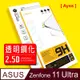 Ayss ASUS Zenfone 11 Ultra 6.78吋 2024 超好貼鋼化玻璃保護貼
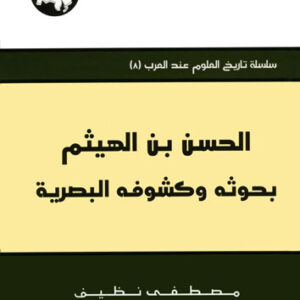 الحسن بن الهيثم: بحوثه وكشوفه البصرية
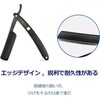 Friendship Men's Single Blade Razor, Foldable, Handle, Wooden Handle, Shaving,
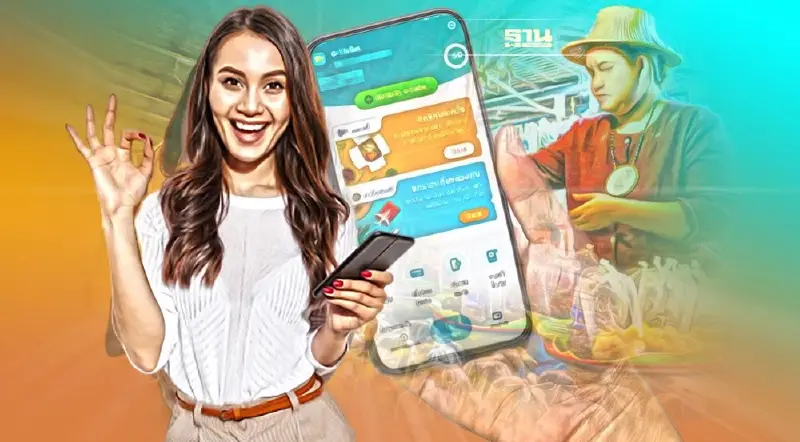 ยืนยันสิทธิ คนละครึ่งเฟส 4 รับ 1200 เตรียมแอปเป๋าตังให้พร้อม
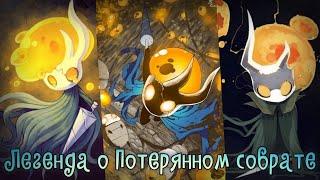 Стихотворение по Hollow Knight | Broken Vessel | Hollow Knight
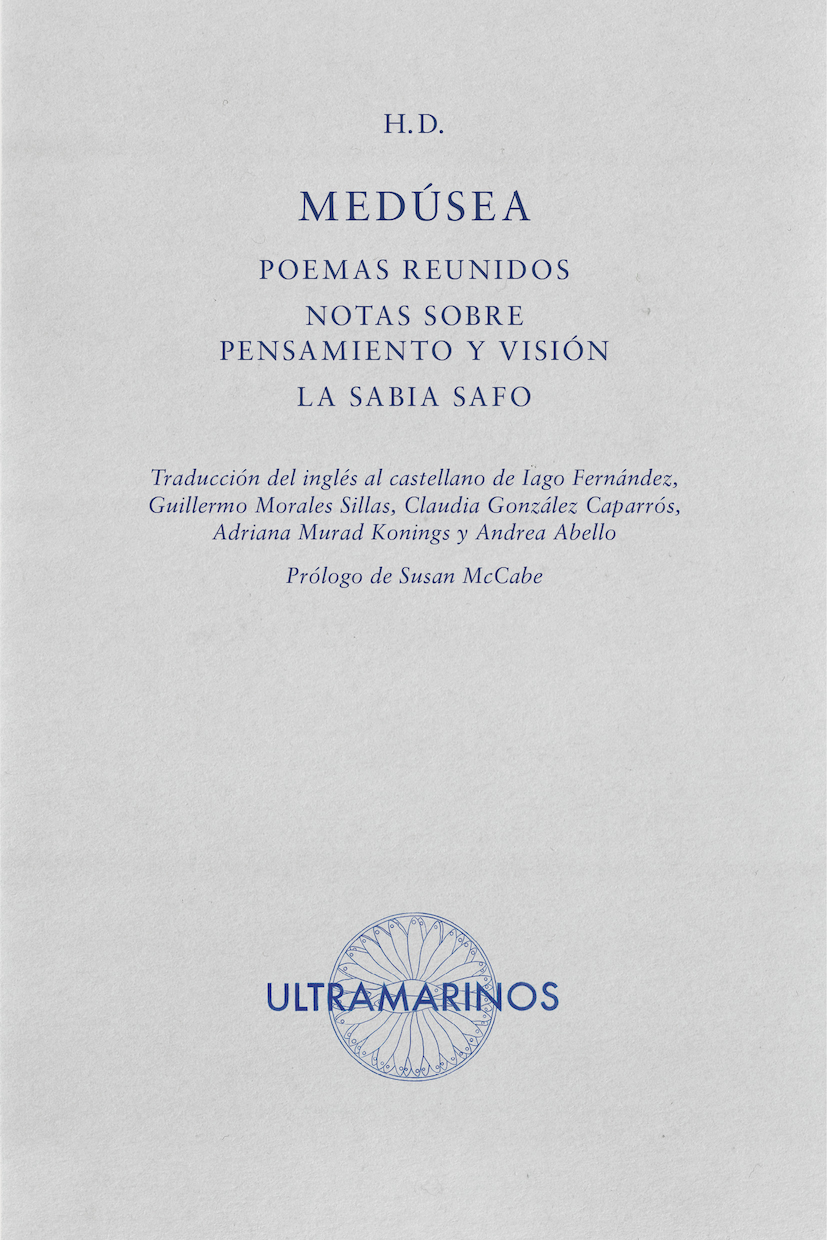 Medúsea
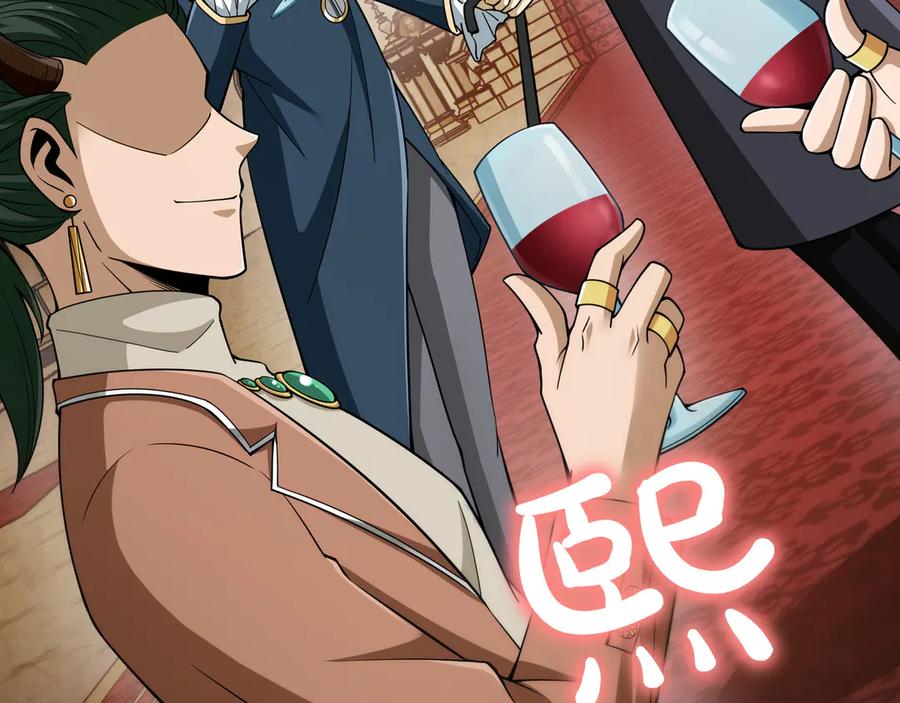 第216页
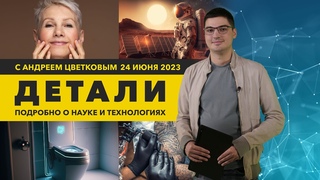 Умные туалеты и лекарство против старения | Детали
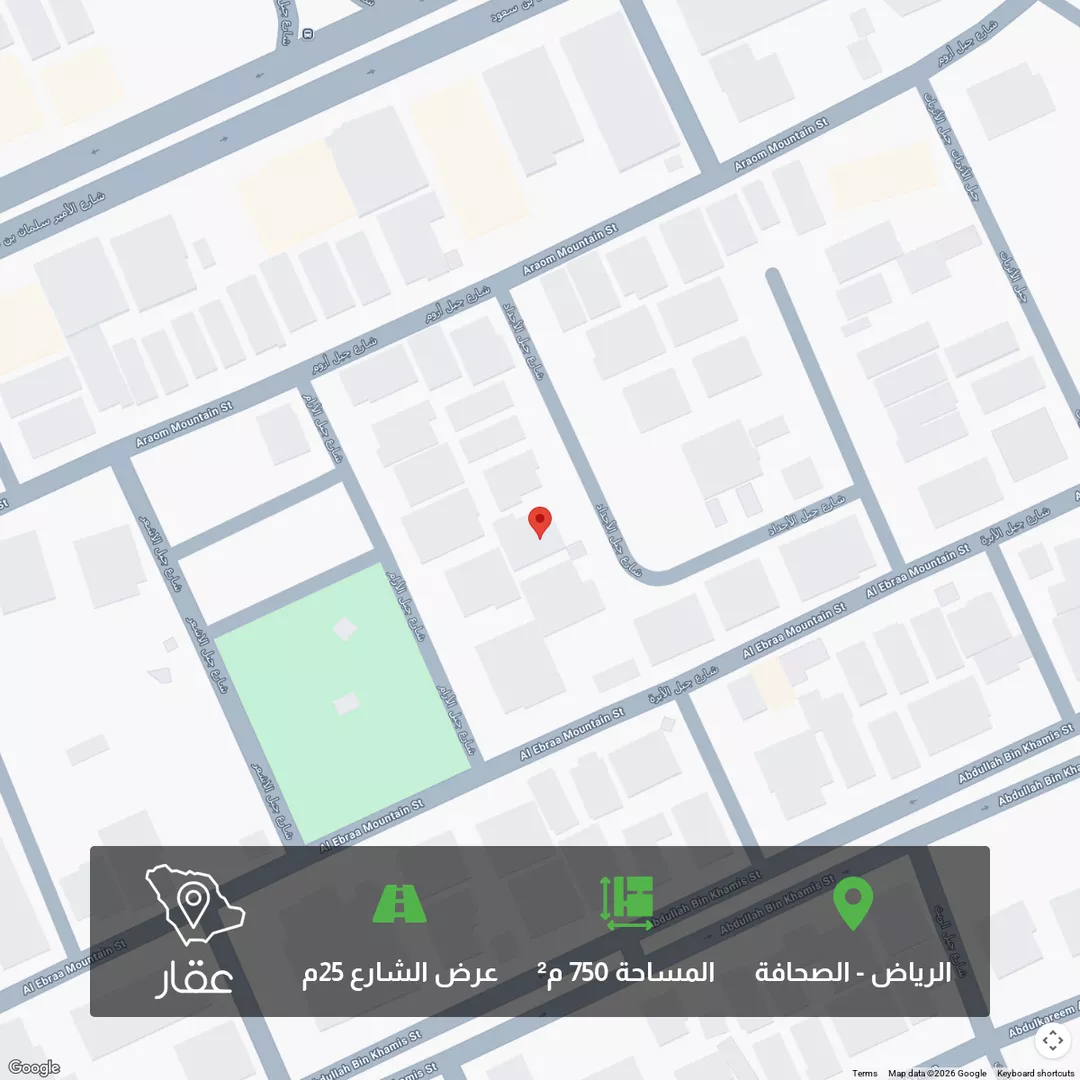 أرض للبيع في شارع جبل الأجداد, حي الصحافة, مدينة الرياض, منطقة الرياض 1 صورة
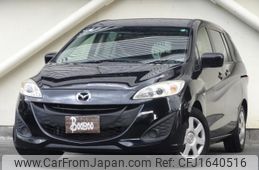 mazda premacy 2013 CFJ1640516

* Task
Each line from the one with "Стихотворение по Hollow" to the final line of the data above is to be printed exactly; no picture should appear in the copy.

* Task answer
 Стихотворение по Hollow Knight | Broken Vessel | Hollow Knight
 Medúsea
 第216页
 Умные туалеты и лекарство против старения | Детали
 أرض للبيع في شارع جبل الأجداد, حي الصحافة, مدينة الرياض, منطقة الرياض 1 صورة
 mazda premacy 2013 CFJ1640516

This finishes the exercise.